Research Experience for Undergraduates

The Physics & Astronomy Department has created an 8-10 weeks Undergraduate Summer Research program explicitly for department students to be held June 15-August 21, 2020. Please download and fill out the application here. The application deadline is April 3, 2020. Faculty will define a number of available research projects.

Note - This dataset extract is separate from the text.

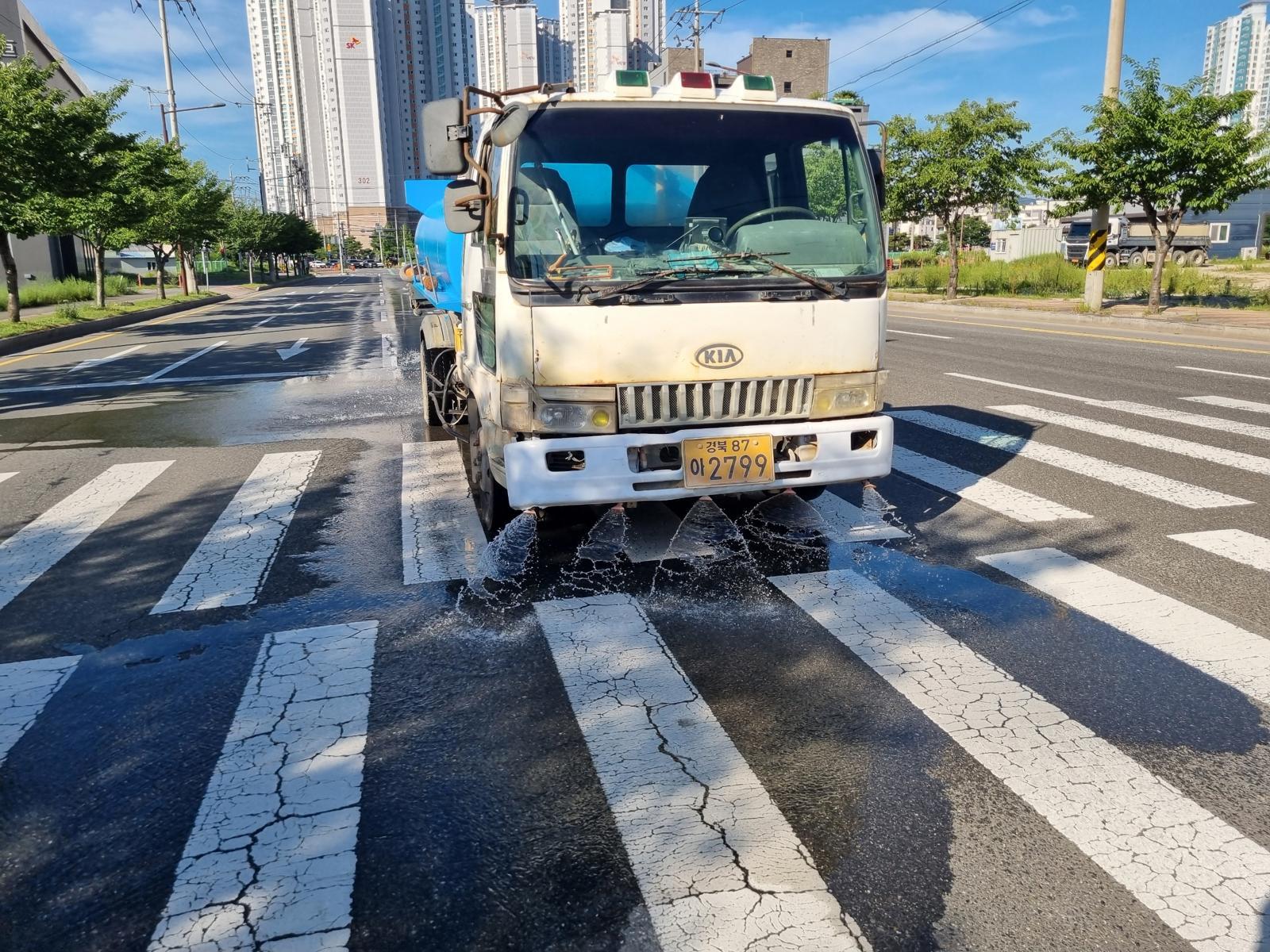 고기압 이불 두겹 덮은 한반도…푄 현상 덮친 경북엔 폭염중대경보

In addition to the printed application, you will also be asked to provide:

  • A one-page statement about yourself and your academic and research goals, your motivations, and your interest in doing physics/astronomy research. You can also optionally provide reasons for your research preferences.
  • Your unofficial transcript.
  • A resume/CV that includes coursework, lab skills, and coding proficiencies.
  • A letter of recommendation (sent separately to from faculty.

Programs for 2020

These specializations are available for the 2020 REU program.

Faculty: Tuan Do

Project: The Galactic Center group strives to understand the black hole at the center of our galaxy and the stellar populations surrounding it. The selected students will be working with either ground-based (Keck Telescope) or space-based (Hubble Space Telescope) observations of the Galactic Center region. Potential research projects range from understanding the nature of star formation near the supermassive black hole to studies of the variable emission from material accreting onto the black hole itself.

Faculty: Smadar Naoz

Project: Gravitational Wave sources at the center of our galaxy: In this project, we will explore the range of detectability via LISA of the possible Gravitational-Wave sources at the center of our galaxy.

Faculty: Michael Rich


  • Halos and Environments of Nearby Galaxies, HERON: The students will be comparing the radial surface brightness profiles of galaxies observed in the FUV and NUV bands of the Galex satellite, with the wide r band images taken with a groundbased telescope optimized for low surface brightness imaging.
  • A subset of galaxies have so-called XUV or extended UV disks. It has been long presumed that such disks can only be detected in the ultraviolet. However, for a subset of galaxies we have found that deep groundbased imaging is successful at detecting these disks, which are traced by star formation extended on spatial scales of 100 kpc or more. We propose to use the Thilker et al. sample as the template, and to take new observations with our telescopes in Calfiornia and Wise Observatory, Israel, as needed.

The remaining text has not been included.